EXERCISE REQUIREMENTS: Reproduce from the records below, with no pictures, exactly the lines between the one containing "TRIO 15: 6 CROQUETTES" and the one containing "White Pure Organza Embroidery", inclusive.
Top of SUPPLIED MATERIAL
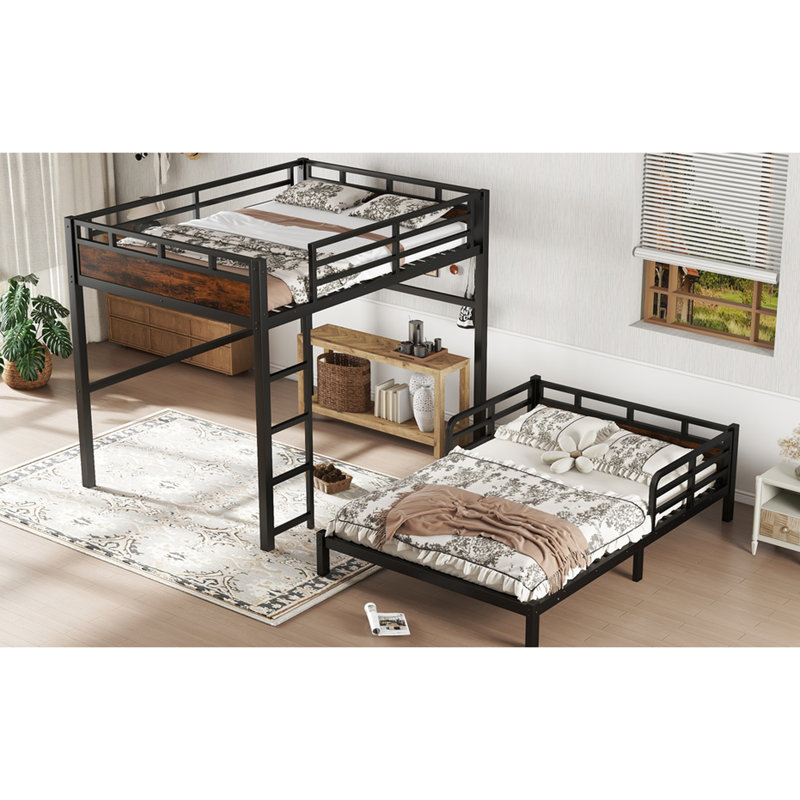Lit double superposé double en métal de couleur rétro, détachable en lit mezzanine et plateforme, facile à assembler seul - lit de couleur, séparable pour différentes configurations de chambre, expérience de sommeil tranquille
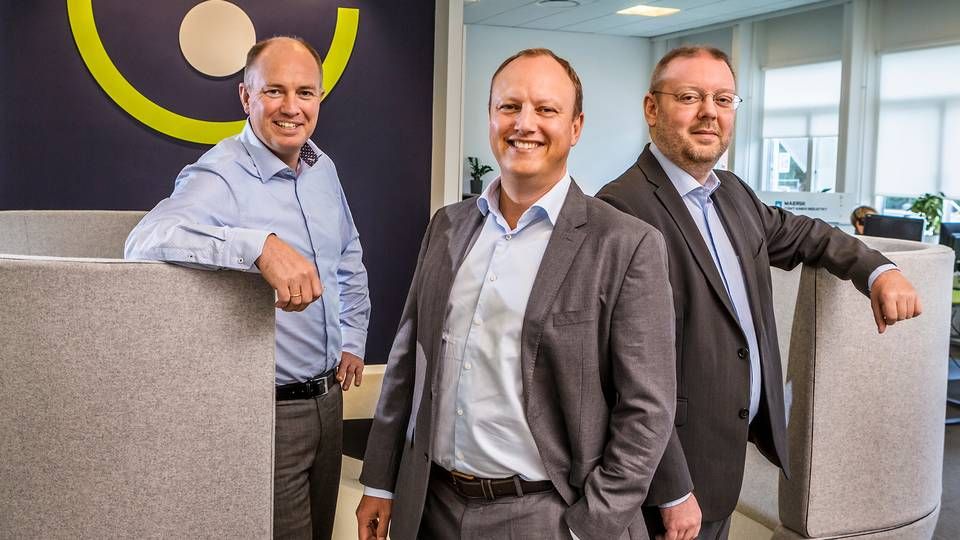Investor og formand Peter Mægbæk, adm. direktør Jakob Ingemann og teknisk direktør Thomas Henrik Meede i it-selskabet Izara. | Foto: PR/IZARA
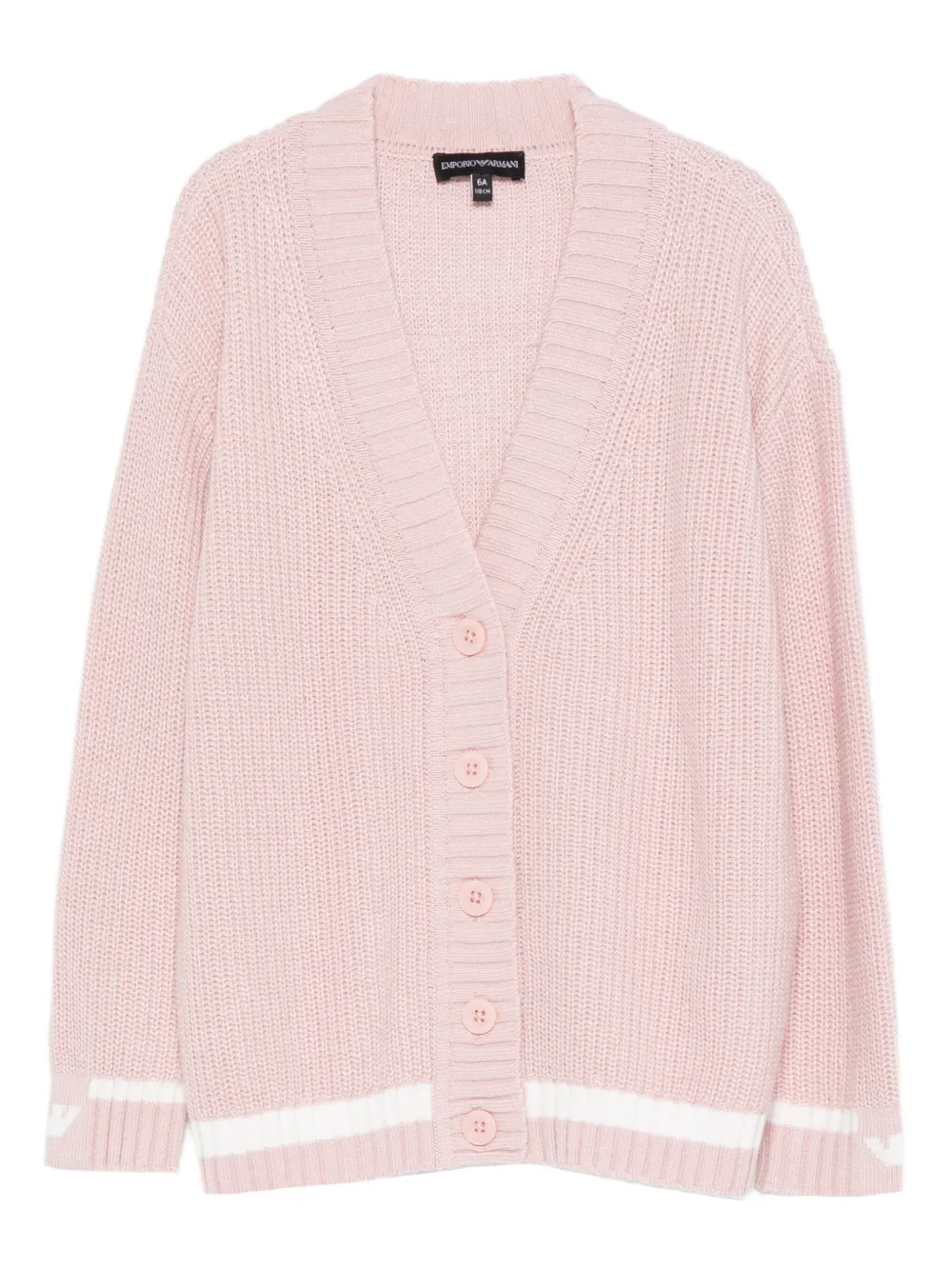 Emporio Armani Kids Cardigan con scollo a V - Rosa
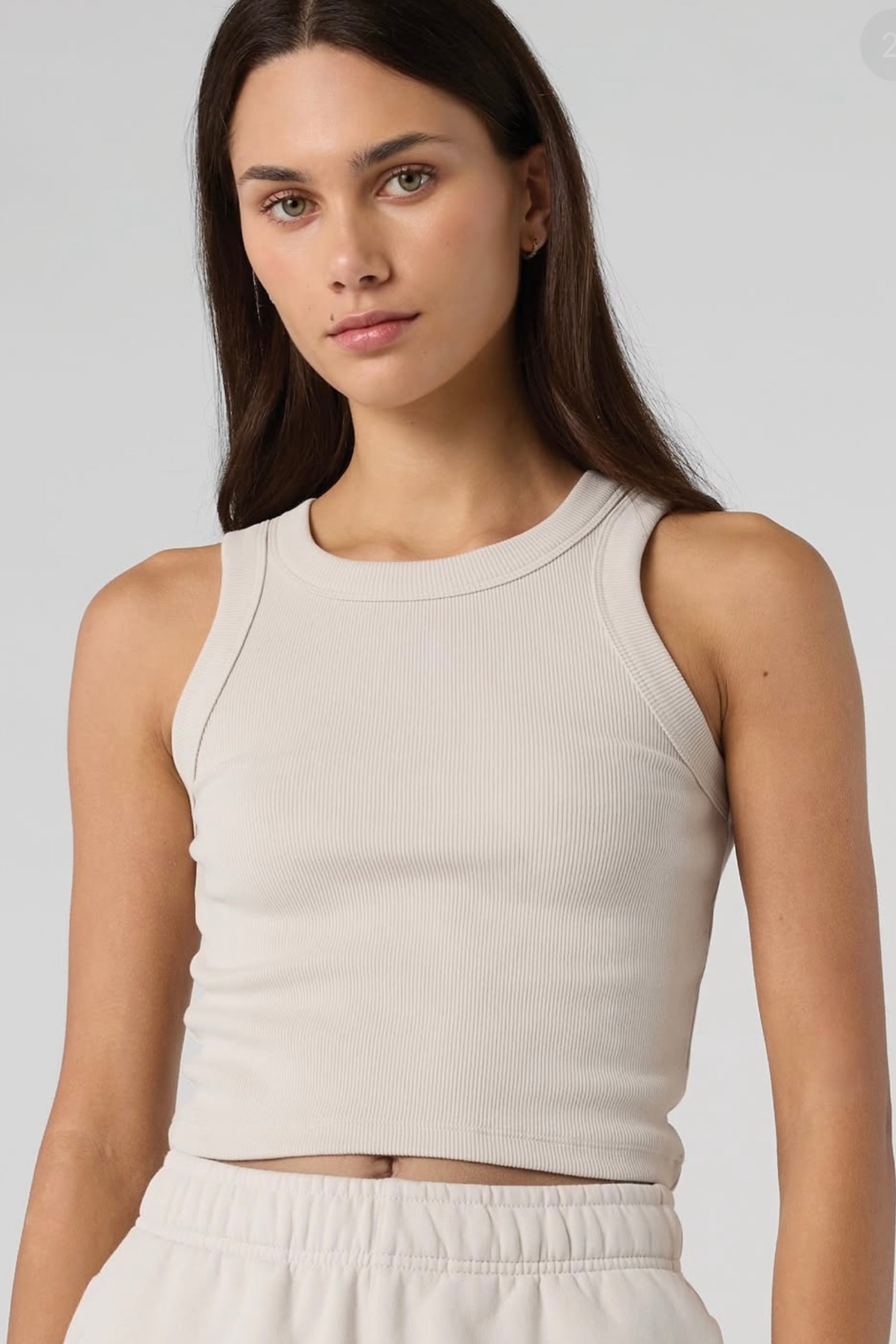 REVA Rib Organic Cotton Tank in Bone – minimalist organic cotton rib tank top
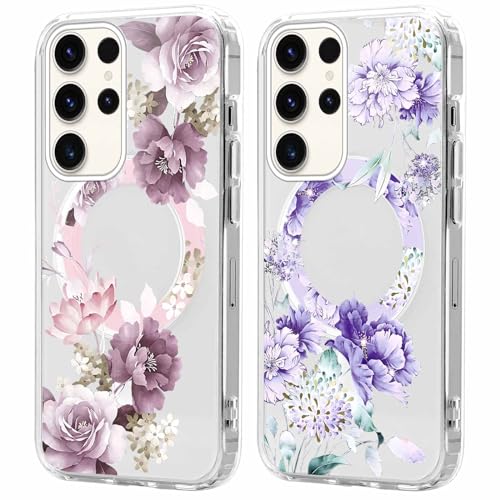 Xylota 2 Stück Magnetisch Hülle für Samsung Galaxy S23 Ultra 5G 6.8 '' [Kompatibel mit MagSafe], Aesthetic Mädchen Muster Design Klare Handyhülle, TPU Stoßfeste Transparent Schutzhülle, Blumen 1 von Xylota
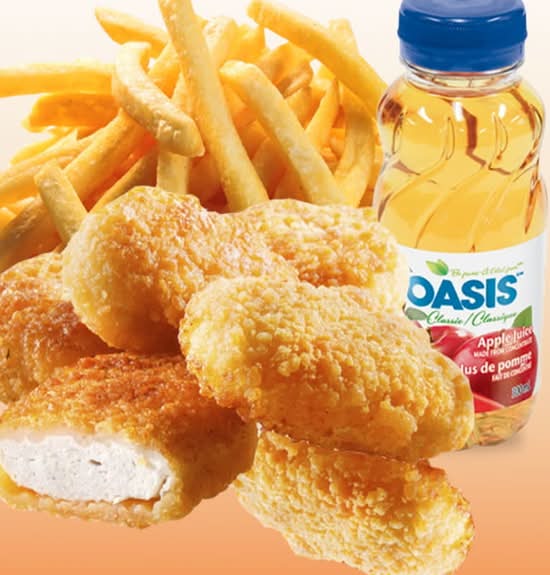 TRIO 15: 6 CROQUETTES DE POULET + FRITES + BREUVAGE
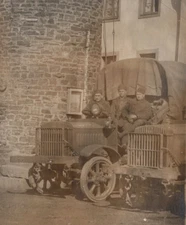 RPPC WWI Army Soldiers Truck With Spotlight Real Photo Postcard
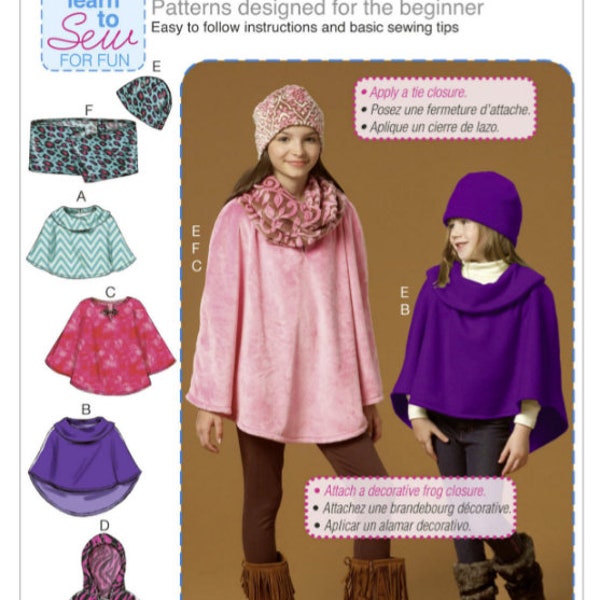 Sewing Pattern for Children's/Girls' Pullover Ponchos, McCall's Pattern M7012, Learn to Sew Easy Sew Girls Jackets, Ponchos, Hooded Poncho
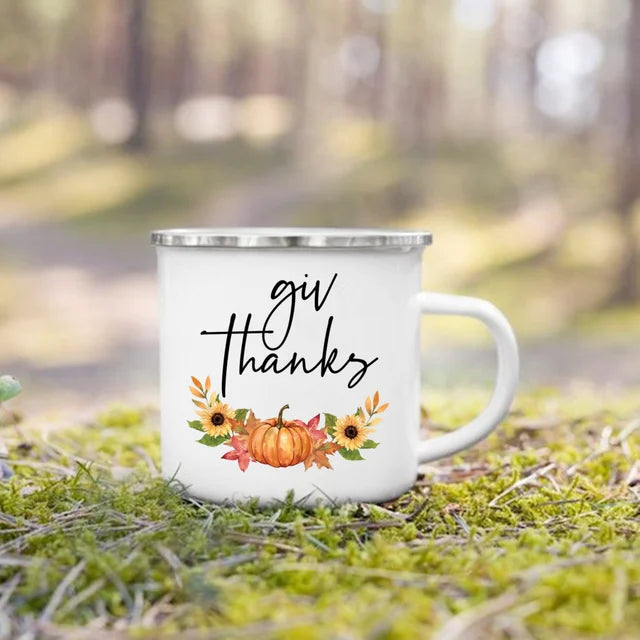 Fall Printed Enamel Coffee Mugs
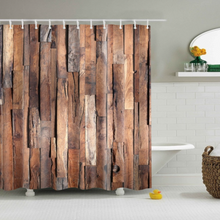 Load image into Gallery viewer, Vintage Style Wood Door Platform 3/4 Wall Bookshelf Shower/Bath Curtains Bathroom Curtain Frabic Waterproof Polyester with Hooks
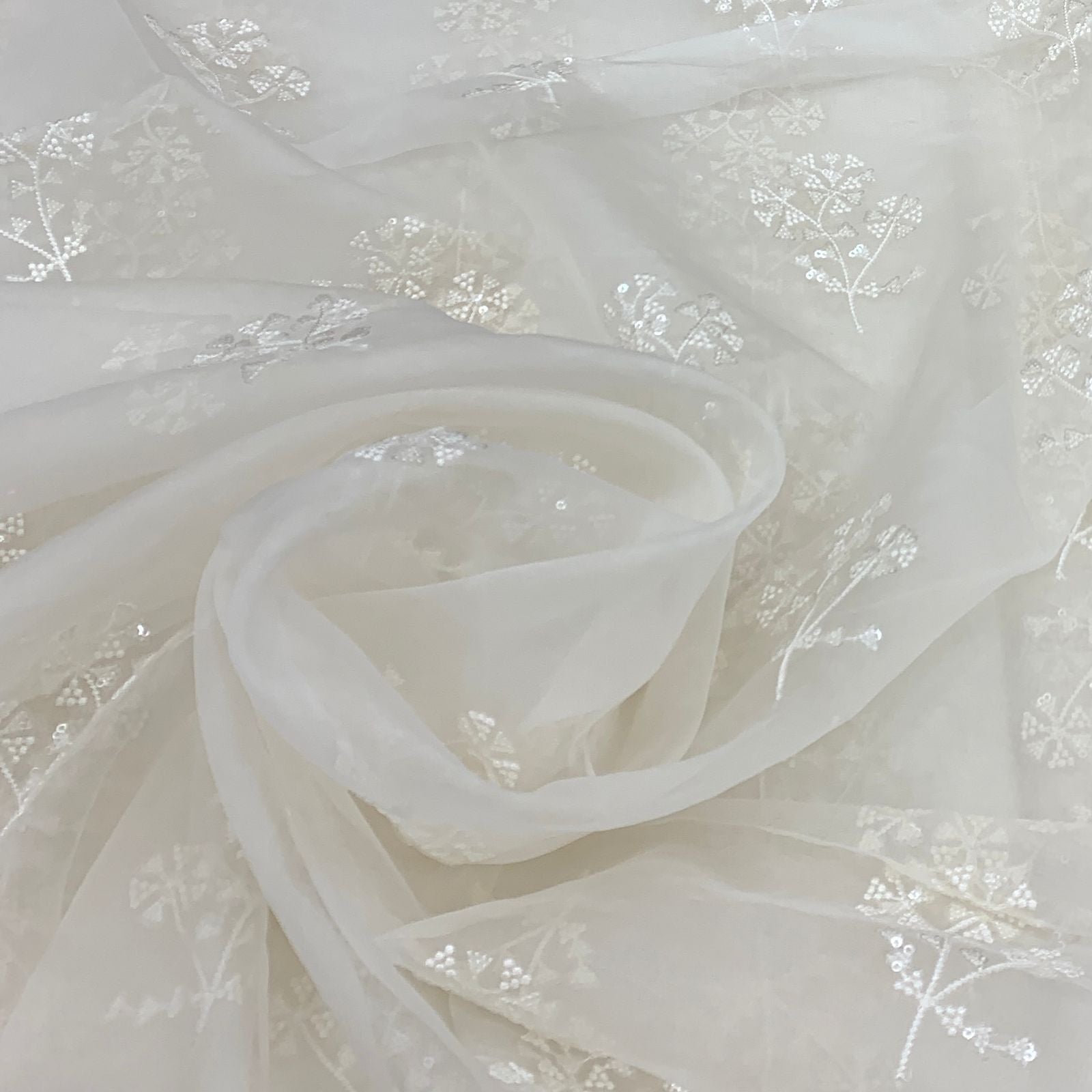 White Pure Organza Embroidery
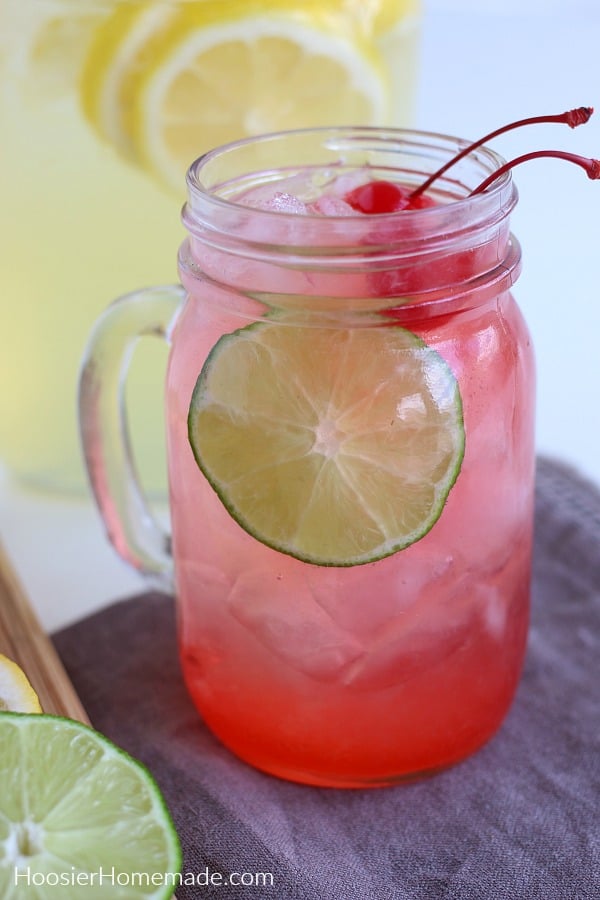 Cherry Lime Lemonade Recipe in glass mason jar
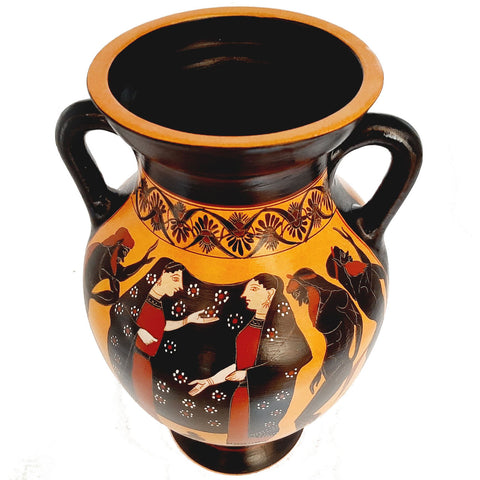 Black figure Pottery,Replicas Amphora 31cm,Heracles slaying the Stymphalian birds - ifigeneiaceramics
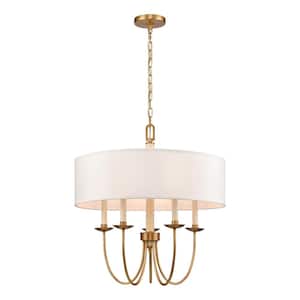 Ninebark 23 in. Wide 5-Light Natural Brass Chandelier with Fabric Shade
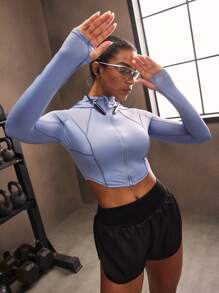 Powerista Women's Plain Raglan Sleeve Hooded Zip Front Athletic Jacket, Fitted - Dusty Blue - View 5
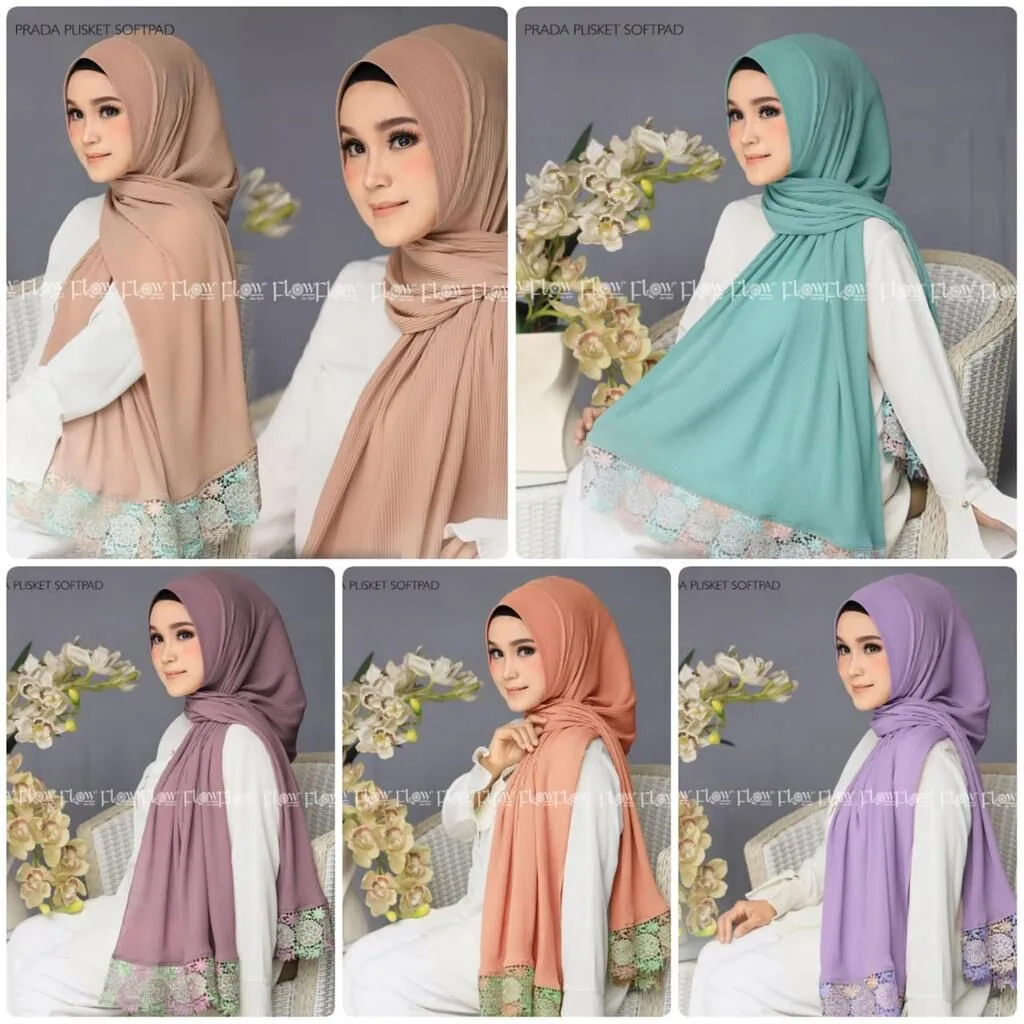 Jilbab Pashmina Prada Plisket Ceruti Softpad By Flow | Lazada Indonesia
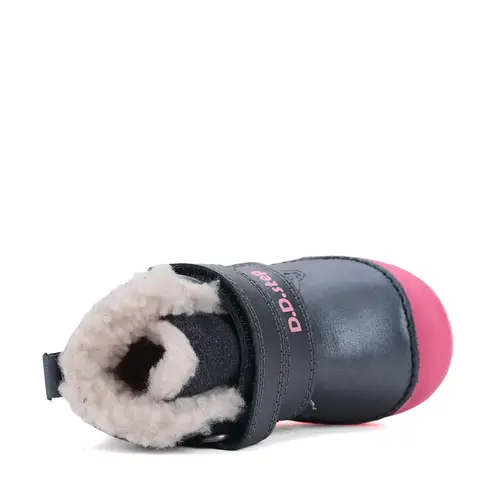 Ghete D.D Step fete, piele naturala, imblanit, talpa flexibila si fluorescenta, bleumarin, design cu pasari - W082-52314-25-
Bottom of SUPPLIED MATERIAL
SOLUTION:
 TRIO 15: 6 CROQUETTES DE POULET + FRITES + BREUVAGE
 RPPC WWI Army Soldiers Truck With Spotlight Real Photo Postcard
 Sewing Pattern for Children's/Girls' Pullover Ponchos, McCall's Pattern M7012, Learn to Sew Easy Sew Girls Jackets, Ponchos, Hooded Poncho
 Fall Printed Enamel Coffee Mugs
 Load image into Gallery viewer, Vintage Style Wood Door Platform 3/4 Wall Bookshelf Shower/Bath Curtains Bathroom Curtain Frabic Waterproof Polyester with Hooks
 White Pure Organza Embroidery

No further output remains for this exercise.